*** Given material ***
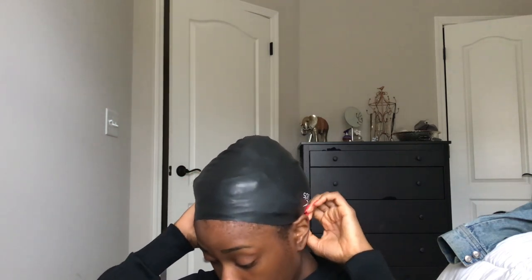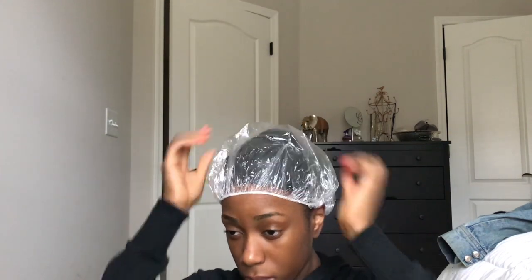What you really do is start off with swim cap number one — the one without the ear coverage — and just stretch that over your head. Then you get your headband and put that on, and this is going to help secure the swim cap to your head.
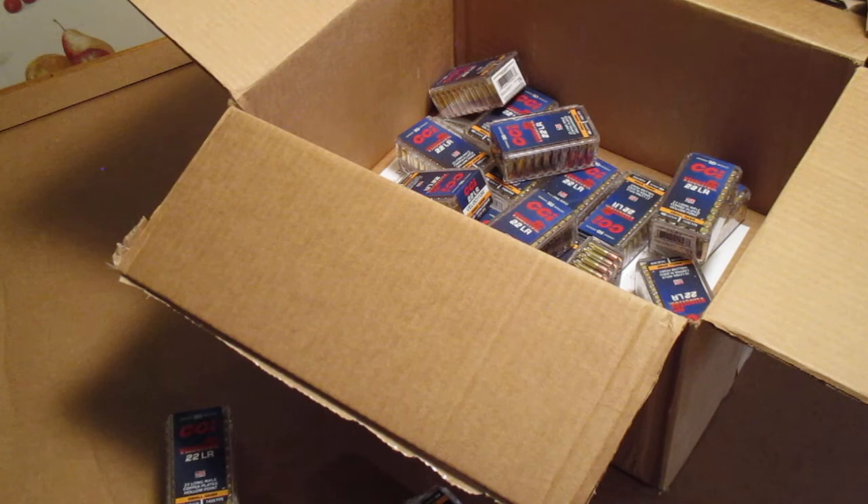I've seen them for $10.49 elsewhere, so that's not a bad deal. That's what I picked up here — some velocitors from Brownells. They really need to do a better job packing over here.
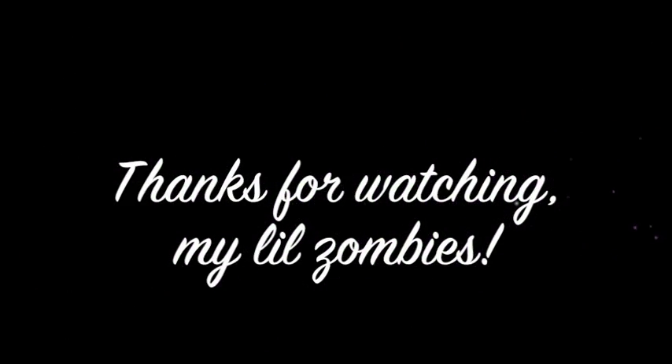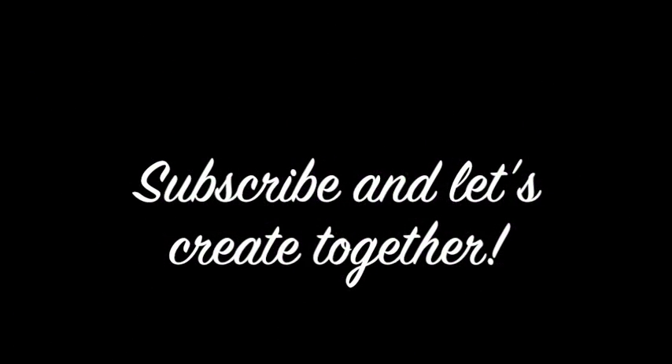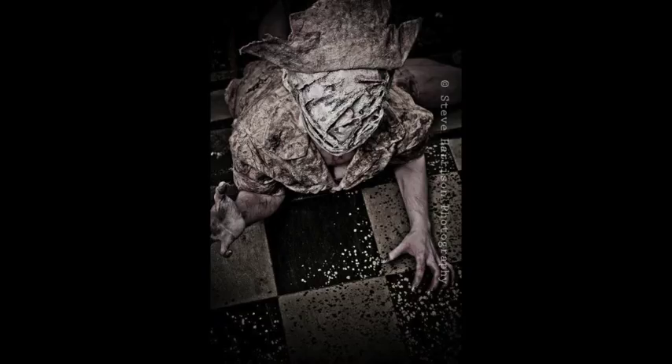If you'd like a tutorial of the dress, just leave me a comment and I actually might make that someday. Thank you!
***
(Your assignment) Repeat the listing verbatim, pictures excluded.

(Solution below)
What you really do is start off with swim cap number one — the one without the ear coverage — and just stretch that over your head. Then you get your headband and put that on, and this is going to help secure the swim cap to your head.
I've seen them for $10.49 elsewhere, so that's not a bad deal. That's what I picked up here — some velocitors from Brownells. They really need to do a better job packing over here.
If you'd like a tutorial of the dress, just leave me a comment and I actually might make that someday. Thank you!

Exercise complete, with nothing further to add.